Pode-se escrever o que se quiser no plano de manutenção do jardim, será sempre a interiorização, pelo jardineiro, do que se pretende, que definirá o sucesso ou o desastre.
Os planos de ordenamento deveriam ser desenhados com base no pressuposto de que não é possível determinar a existência de pastoreio onde o gestor do terreno não vê retorno no esforço que tem de fazer para ter pastoreio nessa área.
Recentemente dei por mim na apresentação de uma investigação de ordenamento do território que usava um modelo que concluía que, em algumas freguesias da área de estudo, ter-se-ia de alterar 75% do uso do território porque o modelo sugeria que em 75% da área os usos existentes eram inadequados.
Para as responsáveis do plano, isto dava ideia de como seria precisa uma grande vontade política e uma forte afectação de recursos para se atingir os objectivos a que o plano de propunha.
Para mim, que acho sempre que a probabilidade de um modelo estar errado é muito mais alta que a probabilidade da realidade estar errada, o que estes valores diziam é que seria melhor olhar outra vez para o modelo, para perceber onde estava a falhar.
Quer para uns e quer para outros, técnicos igualmente qualificados, é certo que seriam os agricultores, os produtores florestais, os pastores e outros gestores de paisagens a ter de executar o “caderno de encargos” implícito no plano de ordenamento pelo que, ou o compreendiam e tomavam todos os dias decisões no sentido pretendido, ou o plano falharia em toda a linha.
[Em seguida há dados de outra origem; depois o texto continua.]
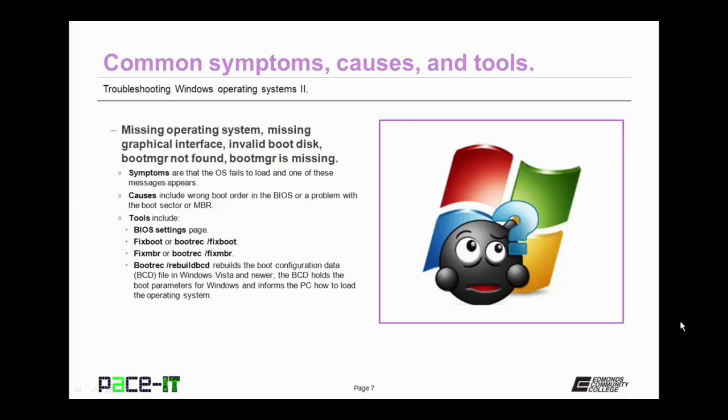All of these involve the fact that your graphical user interface isn't loading. The causes for this can be the wrong boot order in the BIOS, or a problem with the boot sector or MBR.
Infelizmente, estas considerações, que me parecem banalidades sobre gestão de paisagens, são tratadas pelo nosso sistema de ordenamento do território como excentricidades ou cedências aos interesses económicos.
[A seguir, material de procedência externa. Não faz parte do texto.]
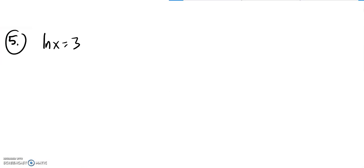We are going to do number 5 on exam 2 practice, and we're solving natural log of x equals 3. Natural log just means log base e.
O nosso sistema de ordenamento do território parte de pressupostos diferentes dos meus, parte do pressuposto de que cabe ao Estado, enquanto garante do bem comum, definir que paisagem queremos ter.
No essencial, o nosso sistema de ordenamento do território baseia-se na crença de que isso se consegue com base num desenho técnico associado a regulamentos administrativos, que obrigam os gestores da paisagem a cumprir normas administrativas cuja racionalidade, incluindo económica, não é reconhecida pelos que têm de cumprir essas normas.
No fundo, os responsáveis pelo nosso sistema de ordenamento do território actuam como os donos de jardins que insistem em plantar árvores com raízes para cima, por razões que, provavelmente, eles conseguirão explicar muito bem, eu é que não as consigo compreender.